He absently fingered the bow on Larabee's present, staring blindly at the framed picture on the old mantle above the bricked in fire place.

In it, he and Chris knelt, arms slung around each other's shoulders, beaming at the camera as they proudly held up an engraved silver trophy. They were both dressed in Kevlar and black work gear and had just whipped the rest of the regional ATF division teams' collective asses in covert ops exercises. The rest of the boys flanked them, all sporting proud, toothy grins. Tanner smiled at the happy faces. Looked like a bunch of grinning alligators. They were his family. The only one he had.

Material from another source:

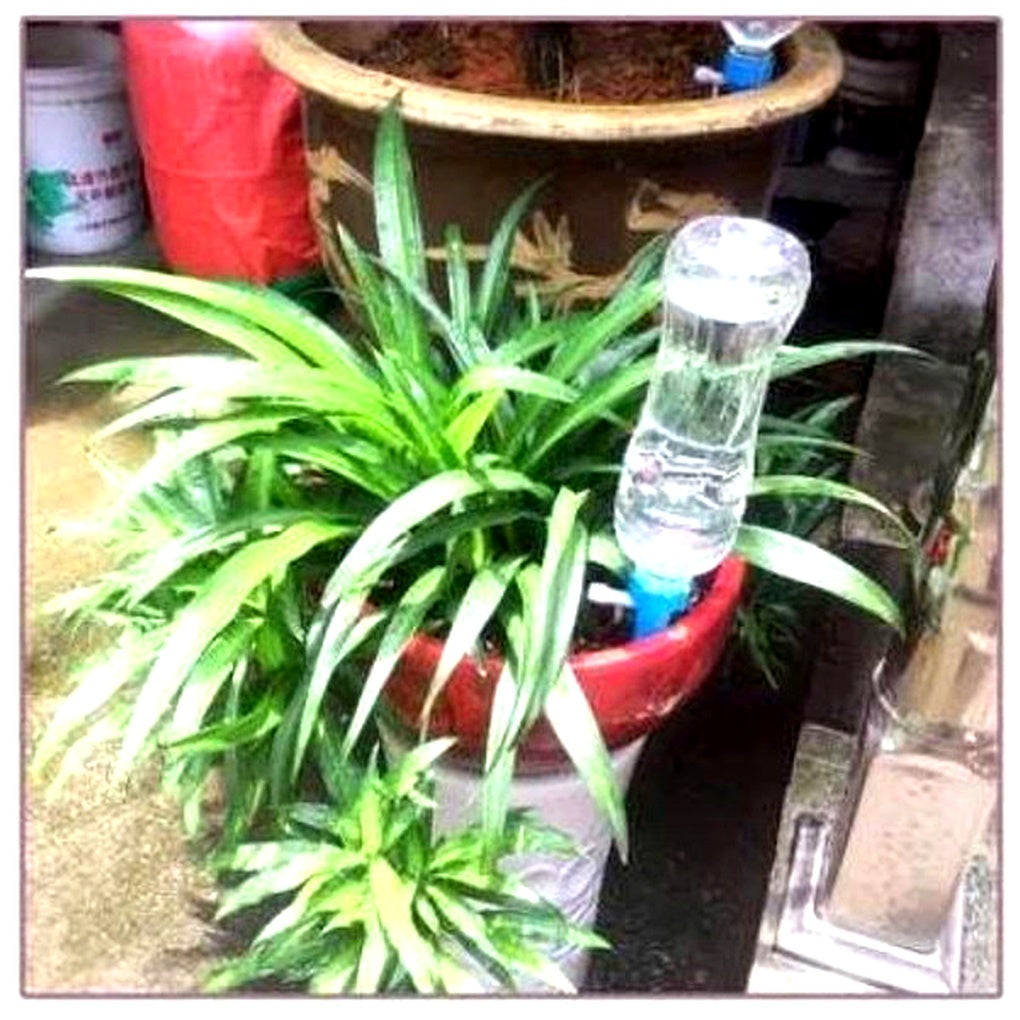 Self-Watering Plant Spikes - Adjustable Flow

Sometimes it amazed him. How had he gone from being nothing more than an abandoned, dirty little street rat to a member of Denver's elite ATF squad?

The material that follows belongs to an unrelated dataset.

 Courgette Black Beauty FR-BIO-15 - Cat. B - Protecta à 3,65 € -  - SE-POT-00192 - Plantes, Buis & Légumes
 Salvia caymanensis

One day he had been scavenging in a dumpster behind a Pizza Hut, the next tucked up warmly into a safe bed in Nettie Well's own home. The retired social worker had scooped him up off the street and dropped him firmly into her household almost before he could blink. He had been all of seven years old and nearly mute, all wide eyes in a narrow, elfin face with skinny, coltish limbs, bewildered, awkward and as feral as any alley cat.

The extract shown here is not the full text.